# Vegetable dressing/sauce for steamed veggies



## Argamemnon (Jan 18, 2010)

How do you eat your steamed vegetables? I want to make enough dressing and keep this in the fridge for 5 days or so. This way I can quickly steam vegetables and pour the dressing over the veggies. Quick, easy and tasty.

Extra virgin olive oil-fresh lemon juice-garlic-herbs, this combination is my basic dressing. I want to make it with some tahini next time.. 

For those who are lazy like me, my question is; how do you eat your daily vegetables?


----------



## Argamemnon (Jan 18, 2010)

BTW, how long can you keep a dressing with garlic in the fridge?


----------



## msmofet (Jan 18, 2010)

steamed veggies get butter or if i have it ginger sauce from the japanese steakhouse type.


----------



## jabbur (Jan 19, 2010)

I'm with msmofet.   Butter, salt and pepper.  Never thought about a dressing on veggies.  I'll occasionally make the classic green bean casserole or melt some Velveeta on broccoli and cauliflower.


----------



## mcnerd (Jan 19, 2010)

Yup, I'm a butter person also, though occasionally I toss in some dill weed for added flavor.


----------



## GrillingFool (Jan 19, 2010)

Try some assorted spices in olive oil.
I like to take some cajun spice, lemon pepper and garlic, stir it into
olive oil and let it sit for a bit to "marinate". Then toss the veggies in it
after steaming.

The variations are endless. Can be done with butter or even chicken stock, too.

That would be garlic powder, not fresh, so no worries about botulism or other evile daemons!


----------



## bigdaddy3k (Jan 19, 2010)

GrillingFool said:


> Try some assorted spices in olive oil.
> I like to take some cajun spice, lemon pepper and garlic, stir it into
> olive oil and let it sit for a bit to "marinate". Then toss the veggies in it
> after steaming.
> ...


 
I follow this as well. Works great with frozen veggies too.


----------



## msmofet (Jan 19, 2010)

i do a string beans salad with steamed beans tossed while hot in fresh lemon juice, olive oil, fresh garlic (slivered), salt and ground black pepper. can also be made with steamed broccoli.


----------



## recipedirect (Jan 19, 2010)

I like my steamed veggies topped with a little olive oil and Mrs. Dash. You could use Tzadziki Sauce, Hollandaise or any number of sauces.
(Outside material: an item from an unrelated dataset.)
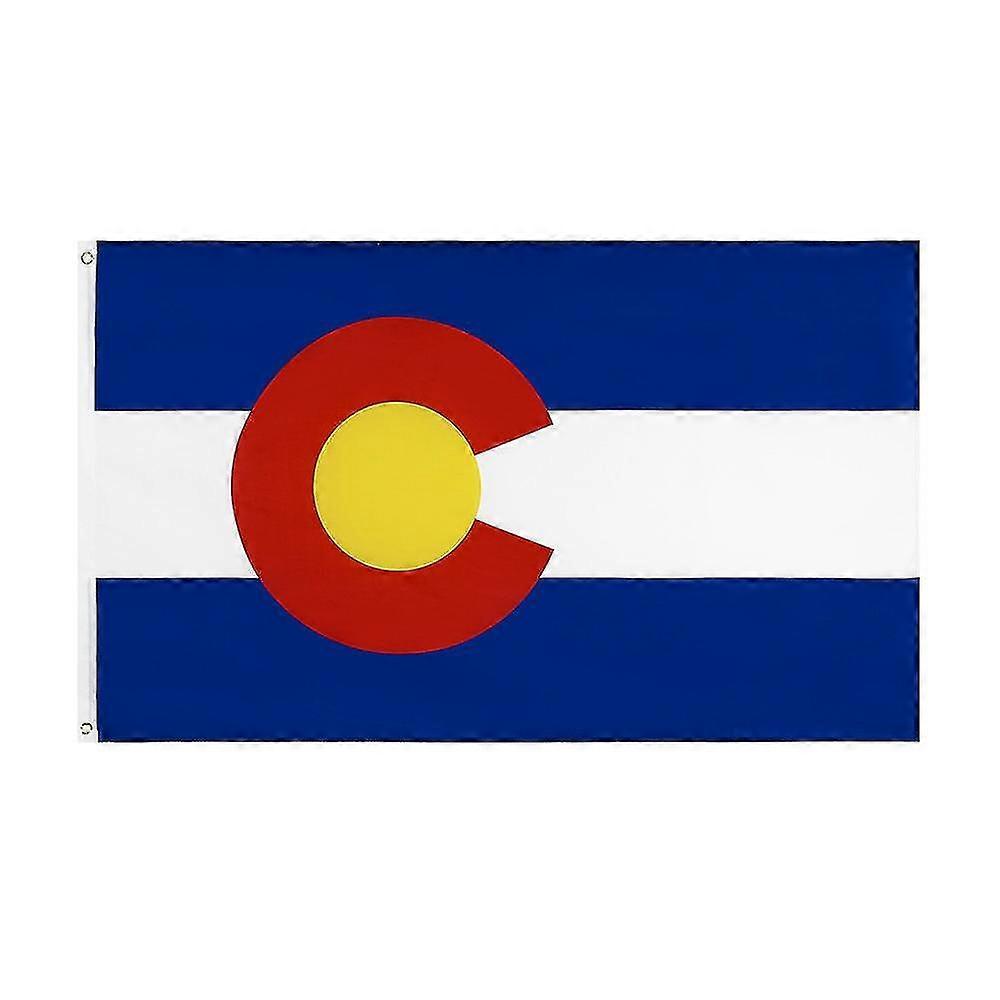 90X150Cm Us Usa State Colorado Flag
There is a restaurant in Charleston (Glass Onion) that serves Bernaise sauce with fries.


----------



## PrincessFiona60 (Jan 19, 2010)

I use an asian style salad dressing one my veggies and also a tuscan style salad dressing.  Makes for some interesting fun and you can style a meal after which dressing you are using.  Any dressing you make should be able to make it in the fridge for 1-2 weeks if kept tightly capped.


----------



## DaveSoMD (Jan 19, 2010)

Try this for steamed carrots.  While still hot drizzel on some honey and drop on a Tblsp of butter and toss well till the butter melts.


----------



## Janet H (Jan 19, 2010)

Here are two of my favorites...

Lemon butter with poppy seeds added (great on broccoli, cauliflower, cabbage and steamed carrots)

Mustard cream - made thusly:
1/3 C mayo
1/3 C sour cream
1 Tbls Mustard seeds coarsely ground - grind em yourself  (mortar/pestal)  don't use mustard powder
2 tsps dill
1 - 2 Tbls Vinegar or sour pickle juice.  Make it tangy.
Thin with a little water to the consistency of thick gravy. 
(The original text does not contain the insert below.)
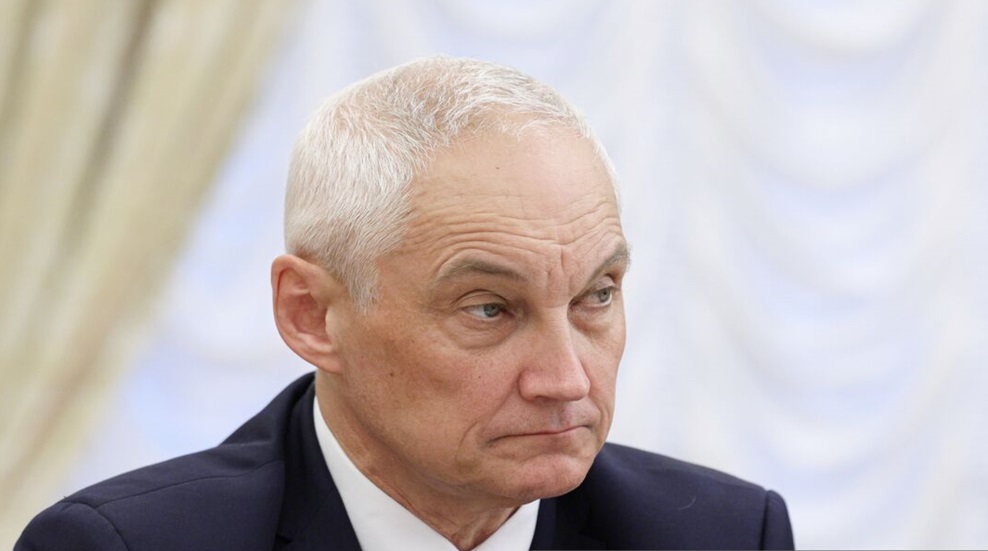 وزير الدفاع الروسي أندريه بيلاوسوف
Mix it all up and refrigerate for at least an hour. Serve cold. 
Use on asparagus, steamed green beans, broccoli or as a dip for raw cut veggies.


----------



## bigdaddy3k (Jan 19, 2010)

DaveSoMD said:


> Try this for steamed carrots. While still hot drizzel on some honey and drop on a Tblsp of butter and toss well till the butter melts.


 
I do this with apricot jam instead of honey!


----------



## Argamemnon (Jan 21, 2010)

I should have said vinaigrette instead of dressing (dressing is only for salads?). Thanks for the replies, and yes the possibilities and variations are endless. I should stop being so lazy and try different methods myself.


----------



## Argamemnon (Jan 21, 2010)

On the 'World's Healthiest Foods' site it says that heating butter or oil is very unhealthy. I'm a little obsessed with this lately so I'm trying to avoid eating too much heated butter or oil.


----------



## ChefJune (Jan 22, 2010)

I often make a vinaigrette with lemon juice, a couple cloves of very finely chopped garlic, Dijon mustard and good olive oil for my cooked vegetables.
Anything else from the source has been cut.